Verschiedene Aspekte der Usability neumedialer Endgeräte sind weiterhin schlechter als die Papierreferenz, insbesondere bei mobilen: Erweiterte Funktionalität bei mässiger Usability. Der saisongerechte SzenenBadi-Test: Wie viele Leute lesen Texte mit mehr als hundert Worten auf einem Smartphone oder Pad? Es gilt das Diktat: Mobility is King! Der Mobilität werden in den entsprechenden Geräteklassen ergonomische Basics wie grosse Bildschirme und optimierte Tastaturen untergeordnet. Hier ist die Stärke der Informationszugriff in Echtzeit, nicht die Qualität der Darbietung.
ANHANG: Was sind Medien?
Der Medienbegriff ist weit und schillernd. Er reicht von philosophischer Allgemeinheit über die Kühlmedien im Maschinenbau bis zum Verbindungsglied ins Jenseits. Wir beschäftigen uns hier mit Medien der Kommunikation.
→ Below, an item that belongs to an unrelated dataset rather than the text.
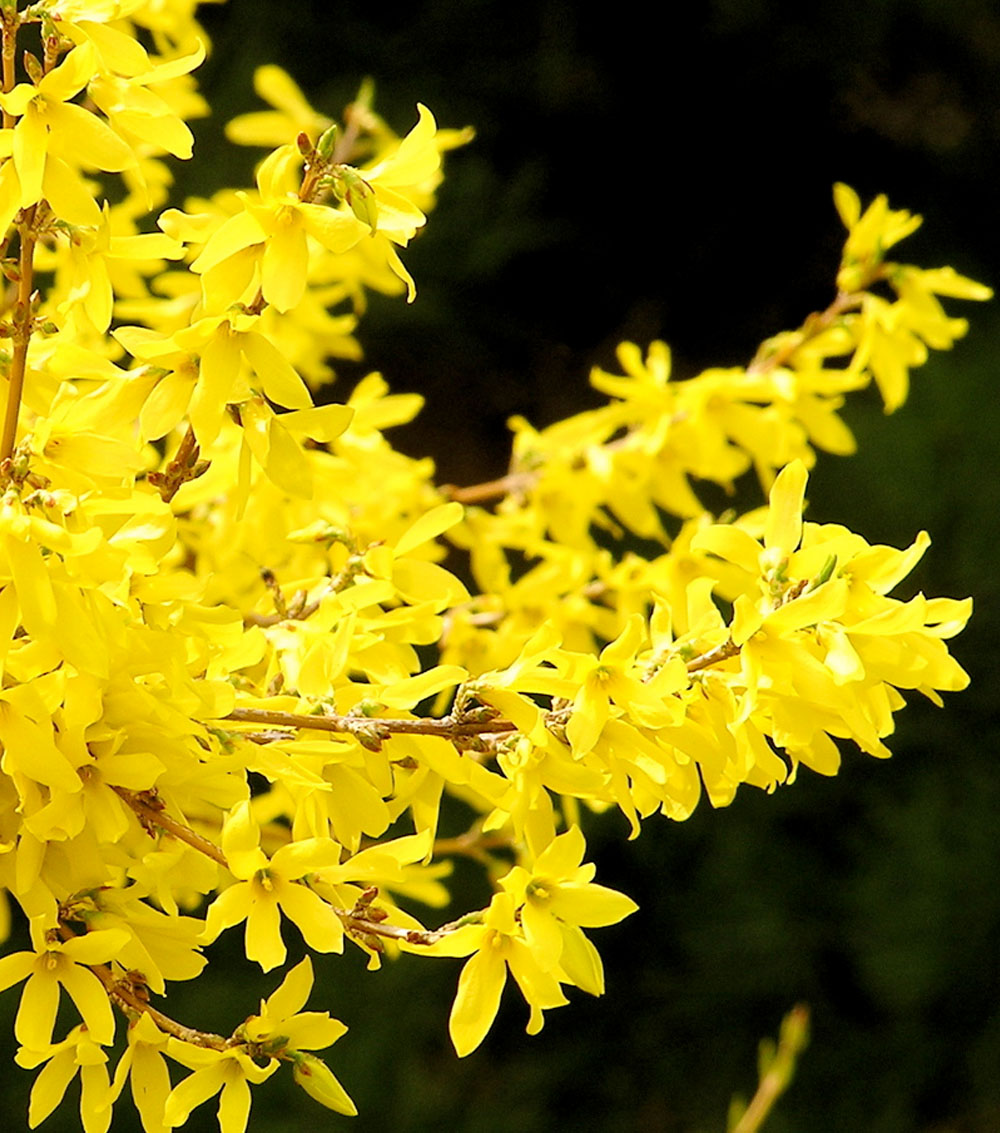 Forsythia-0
Um den Begriff etwas zu klären, kann ein Schichtenmodell verwendet werden: Die Mediale Infrastruktur umfasst Bauten, IT Produkte, Services, Firmen. Beispiel: Eine Webserver- und Datenbankinstanz in der Cloud. In der medialen Form werden Elemente der Infrastruktur, gestalterische und strategische Elemente in einen Auftritt geformt. Beispiel: Webauftritt des Tages-Anzeigers. Der Content als kulturelles Artefakt umfasst Sinn und Bedeutung tragende Objekte, die in die Mediale Form gefüllt werden.
Eine zweite Differenzierung kann entlang der Skalierung erreichbarer Publika vorgenommen werden. Dabei können Medien (im engeren Sinn) von Mitteln interpersonaler Kommunikation unterschieden werden.
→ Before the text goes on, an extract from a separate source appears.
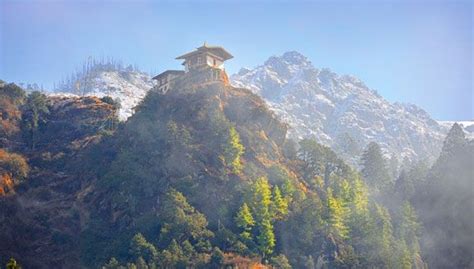 Bhutan Overseas Travel Bhutan Ancient Forest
Was mir bei dieser Charakterisierung fehlt:
– Informationsgehalt (math.: Information einer Meldung = negativer Logarithmus der Wahrscheinlichkeit ihres Auftretens)
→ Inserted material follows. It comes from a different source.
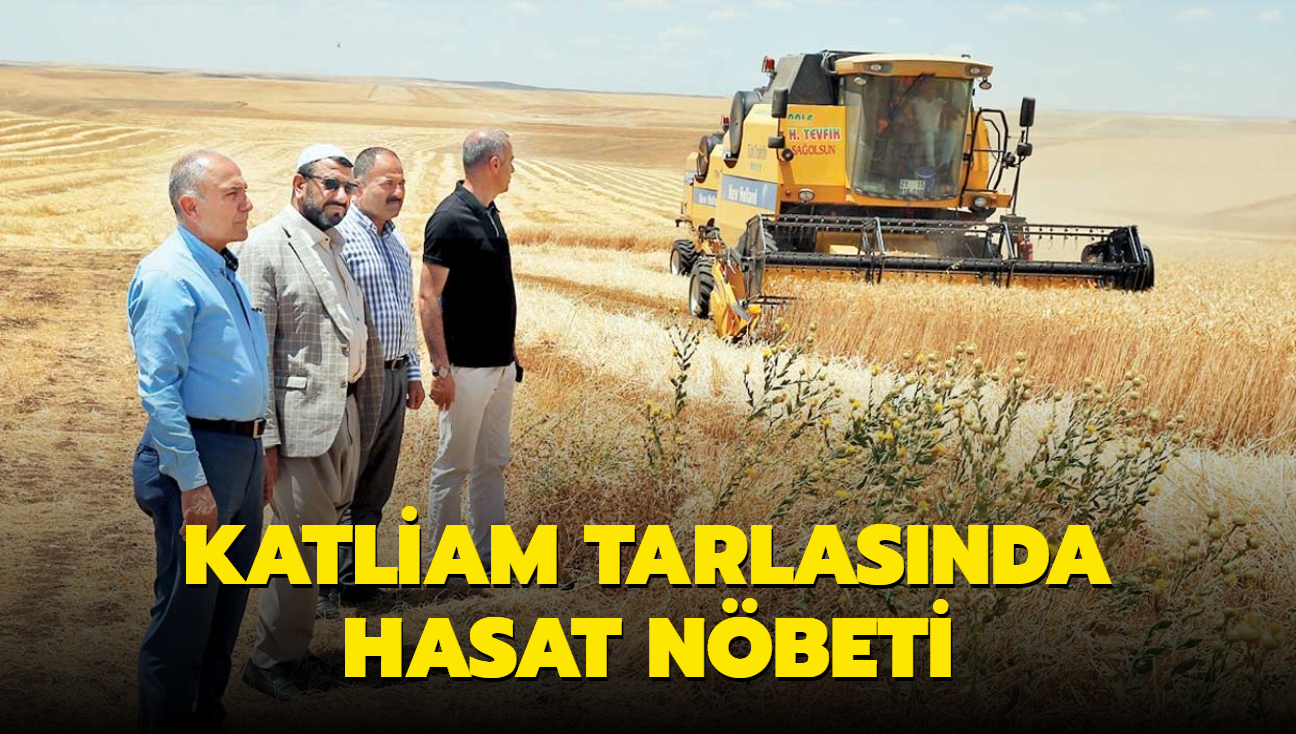 Katliam tarlasnda hasat nbeti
Mit der Digitalisierung verwandelt sich der Begriff Information von Wissensanhäufung zu Wissensfilterung. “Content” wird zunehmend zu “aussagekräftigen Inhalte”. Der Aufwand für das intelligente Auswählen steigt und wird nicht “preiswerter”. Was preisgünstiger wird, ist die Mechanik des Publizierens.
– Kontrolle
Mit der Digitalisierung geht die Kontrolle von den Produzenten der Massenmedien (Rupert Murdoch) an die Konsumenten von Information über. Massenmedien bestimmen die Agenda nicht mehr. Endkunden können sich mittels Filtern gegen unerwünschte Inhalte (Werbung, Porno, Missionierung, …) wehren.
– Werbung
Werbung wird umstrukturiert. Von marktschreierischer Markenpropaganda muss sie sich zu interessenweckendem Infomarketing entwickeln, weil sie sonst ausgefiltert wird.
– Politik
Zunehmend werden die zersplitterten Medien nicht mehr einfach vorhersagbar und lenkbar. Die Politik in einer Demokratie kann nicht mehr von einigen wenigen Agendasettern ausgejasst werden. Politiker nehmen dies als Zunahme der Instabilität politischer Verhältnisse wahr. Bürger erleben es eher als Zunahme der Bedeutung der demokratischen Meinungsbildung.
– Multicasting
An Stelle des Broadcasting einiger weniger Oligopolmedien (Vogel friss oder stirb!) tritt das unüberschaubarere Multicasting von Mailinglisten, Social Media.